In the late nineties, when I was busy with my organisation providing consultancy services in Scotland, I was headhunted for a pro bono managerial role in an international Lazarite chivalric organisation in which I am still very active.

The Order of St. Lazarus of Jerusalem is indeed very active within the United Nations structure and other international and European institutions. Primarily due to such activity, one gets to rub shoulders with a number of world leaders and royalty. When our team embarked on an extensive African solidarity aid initiative, I was introduced to King Kigeli V of Rwanda.

Kigeli V

Kigeli V was the last ruling King (Mwami) of Rwanda, from 28 July 1959 until the abolition of the Rwandan monarchy on 25 September 1961, shortly before the country acceded to independence from Belgium. After a brief period of wanderings from one country to another after leaving Rwanda, the titular King lived in exile during the final part of his life in the town of Oakton, Virginia, United States. In exile, he was known and well respected for heading the King Kigeli V Foundation, an organisation promoting humanitarian work for Rwandan refugees. He was also notable for his activities in maintaining the dynastic, cultural heritage of his formerly reigning royal house.

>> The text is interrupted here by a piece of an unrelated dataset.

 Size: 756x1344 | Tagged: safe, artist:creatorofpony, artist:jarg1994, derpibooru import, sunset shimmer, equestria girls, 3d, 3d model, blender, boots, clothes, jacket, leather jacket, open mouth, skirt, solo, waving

I had the pleasure to meet this King in exile on a number of occasions. Together with his team of advisors, including his private secretary Guye Pennington and Boniface Benzinge, the Chairman of the Royal Council of Abiru, we worked hard in creating the structures necessary for European aid for the Kigeli V Foundation and also for the financial assistance needed for Rwandan students to further their education in Europe. His team of advisors remain close friends to this day.

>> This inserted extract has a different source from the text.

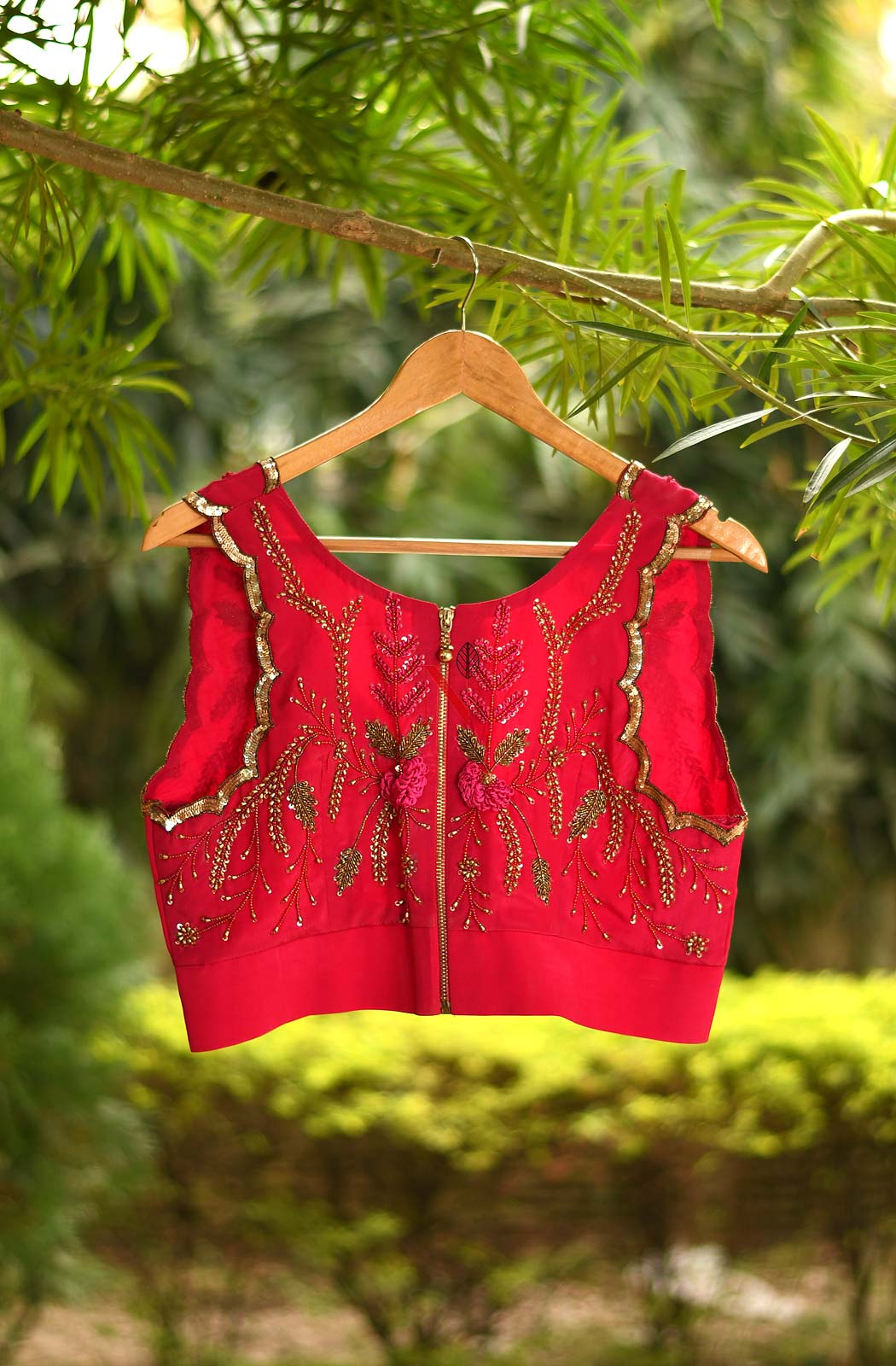 Rani Pure Crepe Hand Embroidered Designer Blouse - Naksheband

My first impressions of this very tall King were positive, albeit the aura of sadness and nostalgic recollections and thoughts of what might have been could be very easily noted as if they were huge, invisible burdens on his broad shoulders. I befriended him during his last years before he died in October 2016 at the age of eighty. His health was ailing and his movements, indeed international travelling, were limited due to his succumbing from one illness to another. During this period, he was due to physically visit my home island of Malta; three days before the flight from the States was due, Guye Pannington informed me that he was bedridden with fever. But throughout all my meetings with him, his clarity and vision of helping as much as possible the Rwandan diaspora and for assisting in educating the young generation of his country was relentless and ever-present. We worked closely together during this period, with the aid of his team of dedicated advisors, to assist his projects by means of financial assistance and also by means of our networking possibilities.

Kigeli V

His limited travel in this period was not always so. He travelled internationally to speak on behalf of the Rwandan people and repeatedly called for peace and harmony between the different groups. Kigeli continued to remember the victims of the Rwandan genocide and attempted to reconcile all political, ethnic, and religious parties in Rwanda to use the democratic process to solve any disputes. Kigeli was a close friend of former President of South Africa Nelson Mandela and the Prime Minister of the Democratic Republic of the Congo Patrice Lumumba. Kigeli expressed an interest in returning to Rwanda if the Rwandan people were prepared to accept him as their constitutional monarch. He had met President Paul Kagame and Kagame had told him that he and his family were free to return, but Kigeli replied that in order to do so, he needed to know if the people still wanted him to be king. According to Kigeli, Kagame said that he would consult the government about the issue. But then fate, and his age-related ailments, intervened.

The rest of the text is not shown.